Culture begins at the banquet table.

From the Introduction to Work, Play, Love: How the Mass Changed the Life of the First Christians by Mike Aquilina

Culture begins at the banquet table. In every religion, at every time in human history, shared feasts have formed—or deformed—the culture.

Sharing a meal is the most basic and most binding form of social interaction. Who can eat with whom and when? The question is almost an obsession for many cultures, because eating together means communion. If we eat together, it means that we are part of the same community.

And if we eat together with God, it means God is also part of our community.

A religious feast brings us together as people of one faith. It’s the most important thing that happens to us. It takes us out of our ordinary daily routine of trying to survive and makes us part of something bigger and more important.

In fact, the British historian Christopher Dawson believed that culture must invariably have its roots in religion. He said, “From the beginning the social way of life which is culture has been deliberately ordered and directed in accordance with the higher laws of life which are religion.” And again, “Throughout the greater part of mankind’s history, in all ages and states of society, religion has been the great central unifying force in culture.” To sum up, he made a bold statement: “Religion is the key of history.”

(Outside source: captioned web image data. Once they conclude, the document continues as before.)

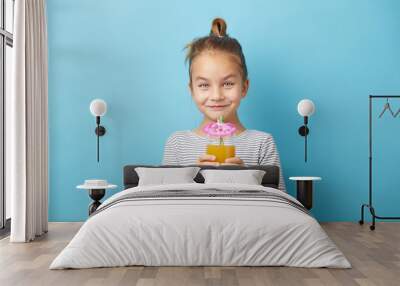 Cute little girl enjoying orange juice on blue isolated background. Wall mural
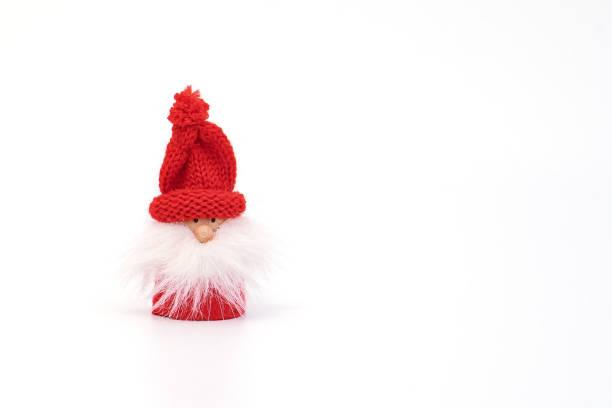 istock Miniature gnome Santa in red hat and with fluffy beard isolated on white 1186591924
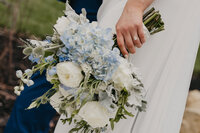 Hand of Pittsburgh bride holding bouquet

Dawson’s position is usually summed up in one catchy phrase: Culture arises from cult. Our customs and habits proceed from our acts of worship.

Think of the Passover feast in Israel. Everyone in the entire community was participating in the same feast at once. And the feast was a reminder of what they had been through as a community—what had made them a community.

You shall eat no leavened bread with it; seven days you
shall eat it with unleavened bread, the bread of affliction—
for you came out of the land of Egypt in hurried
flight—that all the days of your life you may remember
the day when you came out of the land of Egypt.
(Deuteronomy 16:3)

All it meant to be an Israelite was bound up in that feast. It was a reminder that the people had been oppressed, but God sent Moses to lead them out of oppression. It was a reminder that Moses had left them God’s law, a law that set them apart from all the other nations of the earth. In the Passover, Israel lived through its birth again. The Mishnah, the collection of the oral traditions from the Second Temple period, makes it explicit. “In each and every generation one is obligated to see himself as if he went out of Egypt,” the tradition says. When you celebrated the Passover, you were going through the Exodus with your ancestors.

 

The Passover formed Israel. It made Israelites out of twelve ragged tribes of nomads. Israel was Israel because the people celebrated the Passover.

And we could say the same of the pagan feasts. It was those shared meals that made pagan society what it was. It was very different from Jewish society, of course—and that was because the meals were very different.